By: Norbert Schady
During the recent riots in Baltimore, MD, Toya Graham, an irate mother of a would-be protester, became an instant celebrity when she was caught on tape roughing up her son. She appeared on the evening news slapping his head repeatedly and pushing him down the street away from the violence that was engulfing the city. Given the situation, Ms. Graham’s actions—which by most definitions can be classified as “harsh” corporal punishment—may be not only justifiable but laudable. She may have saved her child’s life by preventing him from joining the violent mob, angry over the death of Freddie Gray, a young African-American man who died in police custody. However, hopefully, the case of the Maryland mom is viewed for what it is: the exception that proves the rule. Children of any age should not be physically abused. Aside from such extenuating circumstances, child development specialists believe that harsh corporal punishment of children —particularly when they are very young—can mark a person for life.
While the issue may seem clear cut, it is not entirely so. Most child development specialists and psychologists make a distinction between “mild” corporal punishment (spanking with an open hand on the buttocks) and “harsh” corporal punishment (hitting on the head or extremities with a closed fist or object).
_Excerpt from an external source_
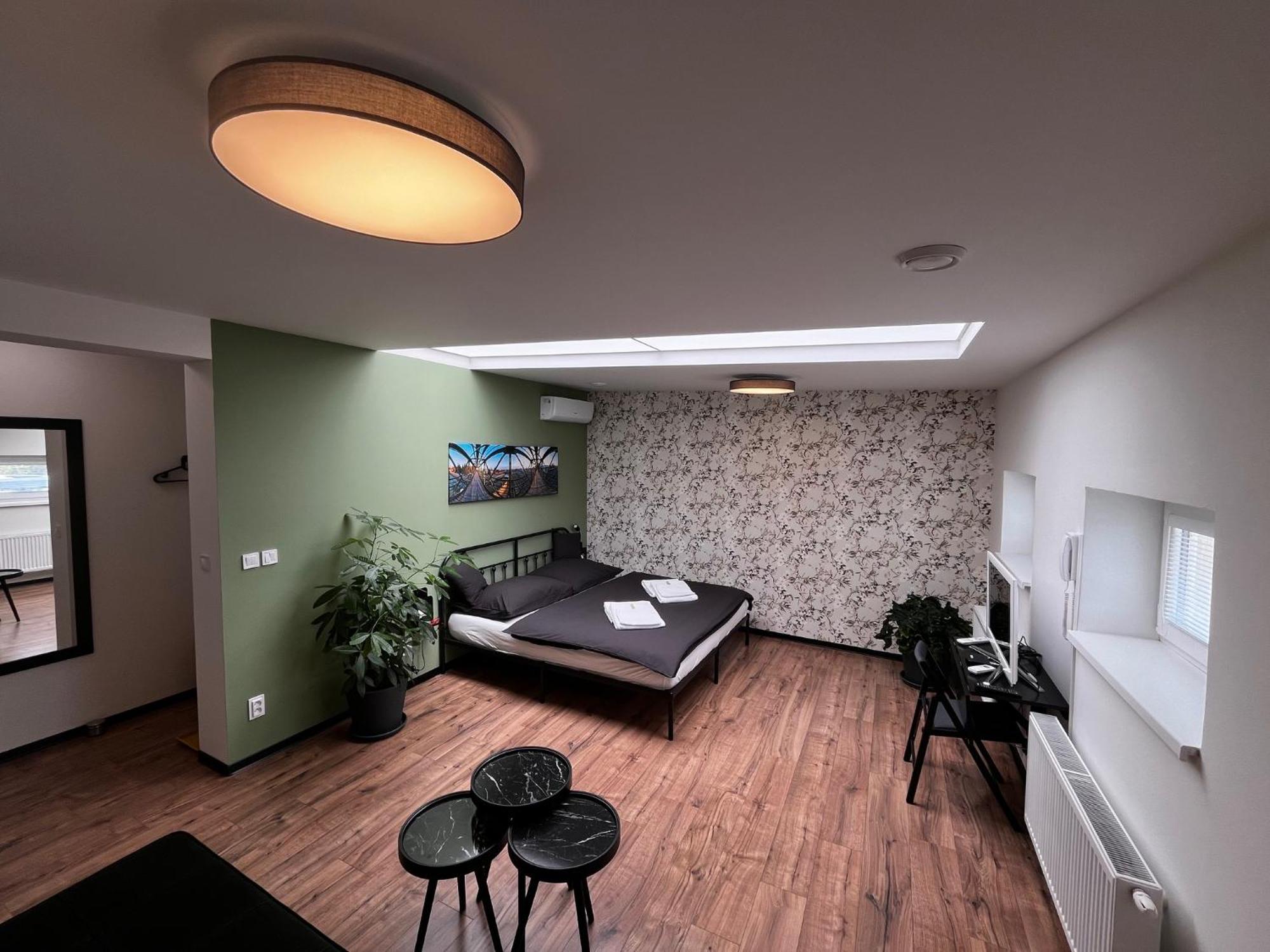 Dobre Misto Hotel Krnov Ngoại thất bức ảnh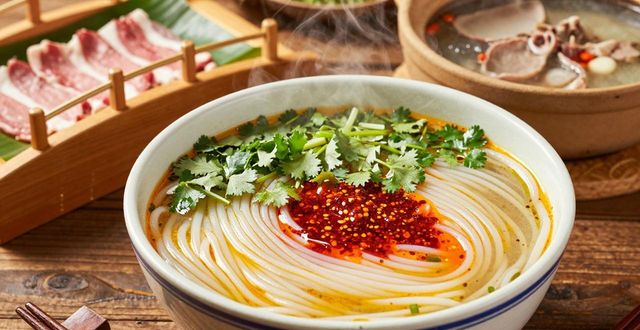 Yunnan Crossing the bridge noodles_Yunnan Crossing the bridge noodles_Yunnan Crossing the bridge noodles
The consensus is that “harsh” methods are bad, but there is some discussion about spanking.
Moreover, it is relatively straightforward to establish associations between corporal punishment and a variety of outcomes, including elevated rates of mental health problems and aggression in adolescence and adulthood. However, establishing causal effects is substantially more complicated. Many papers use cross-sectional surveys that ask adults about current behaviors and outcomes, as well as about the incidence of various forms of corporal punishment in childhood (Afifi and others 2012, among many others). Other papers use longitudinal data that links the incidence of corporal punishment in childhood with learning or socio-emotional outcomes later on (Berlin and others 2009, among many others). Many of these studies show that children who have been corporally punished have worse learning outcomes thereafter, have a higher incidence of mental health problems, and are more likely to be involved in criminal activity in adolescence and adulthood (see Gershoff 2002 for a meta-analysis of available studies).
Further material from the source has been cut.